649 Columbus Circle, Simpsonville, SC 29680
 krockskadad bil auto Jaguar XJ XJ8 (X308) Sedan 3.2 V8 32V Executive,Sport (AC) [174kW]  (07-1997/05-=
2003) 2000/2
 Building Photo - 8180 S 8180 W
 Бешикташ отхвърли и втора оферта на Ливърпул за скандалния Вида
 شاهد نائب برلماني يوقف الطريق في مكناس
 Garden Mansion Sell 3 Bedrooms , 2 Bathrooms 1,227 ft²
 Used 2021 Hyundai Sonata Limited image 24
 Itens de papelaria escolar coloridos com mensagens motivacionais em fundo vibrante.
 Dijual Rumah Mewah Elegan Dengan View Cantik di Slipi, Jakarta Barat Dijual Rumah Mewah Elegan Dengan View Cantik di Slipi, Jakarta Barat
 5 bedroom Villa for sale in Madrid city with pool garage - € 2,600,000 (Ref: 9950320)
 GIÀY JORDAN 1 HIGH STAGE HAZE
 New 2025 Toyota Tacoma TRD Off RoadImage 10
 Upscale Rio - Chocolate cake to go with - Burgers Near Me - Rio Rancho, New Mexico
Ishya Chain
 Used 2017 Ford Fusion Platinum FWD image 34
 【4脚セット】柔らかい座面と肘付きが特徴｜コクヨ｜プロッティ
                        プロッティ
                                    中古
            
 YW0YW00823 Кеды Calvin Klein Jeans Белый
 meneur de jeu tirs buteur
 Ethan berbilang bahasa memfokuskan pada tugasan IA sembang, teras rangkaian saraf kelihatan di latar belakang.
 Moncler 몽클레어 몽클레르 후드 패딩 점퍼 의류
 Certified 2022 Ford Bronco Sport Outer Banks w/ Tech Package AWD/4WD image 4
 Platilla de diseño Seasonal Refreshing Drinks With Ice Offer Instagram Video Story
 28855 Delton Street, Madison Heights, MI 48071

EXERCISE GOAL >> Reproduce the data in its entirety, matching each character.

TASK RESPONSE >>
649 Columbus Circle, Simpsonville, SC 29680
 krockskadad bil auto Jaguar XJ XJ8 (X308) Sedan 3.2 V8 32V Executive,Sport (AC) [174kW]  (07-1997/05-=
2003) 2000/2
 Building Photo - 8180 S 8180 W
 Бешикташ отхвърли и втора оферта на Ливърпул за скандалния Вида
 شاهد نائب برلماني يوقف الطريق في مكناس
 Garden Mansion Sell 3 Bedrooms , 2 Bathrooms 1,227 ft²
 Used 2021 Hyundai Sonata Limited image 24
 Itens de papelaria escolar coloridos com mensagens motivacionais em fundo vibrante.
 Dijual Rumah Mewah Elegan Dengan View Cantik di Slipi, Jakarta Barat Dijual Rumah Mewah Elegan Dengan View Cantik di Slipi, Jakarta Barat
 5 bedroom Villa for sale in Madrid city with pool garage - € 2,600,000 (Ref: 9950320)
 GIÀY JORDAN 1 HIGH STAGE HAZE
 New 2025 Toyota Tacoma TRD Off RoadImage 10
 Upscale Rio - Chocolate cake to go with - Burgers Near Me - Rio Rancho, New Mexico
Ishya Chain
 Used 2017 Ford Fusion Platinum FWD image 34
 【4脚セット】柔らかい座面と肘付きが特徴｜コクヨ｜プロッティ
                        プロッティ
                                    中古
            
 YW0YW00823 Кеды Calvin Klein Jeans Белый
 meneur de jeu tirs buteur
 Ethan berbilang bahasa memfokuskan pada tugasan IA sembang, teras rangkaian saraf kelihatan di latar belakang.
 Moncler 몽클레어 몽클레르 후드 패딩 점퍼 의류
 Certified 2022 Ford Bronco Sport Outer Banks w/ Tech Package AWD/4WD image 4
 Platilla de diseño Seasonal Refreshing Drinks With Ice Offer Instagram Video Story
 28855 Delton Street, Madison Heights, MI 48071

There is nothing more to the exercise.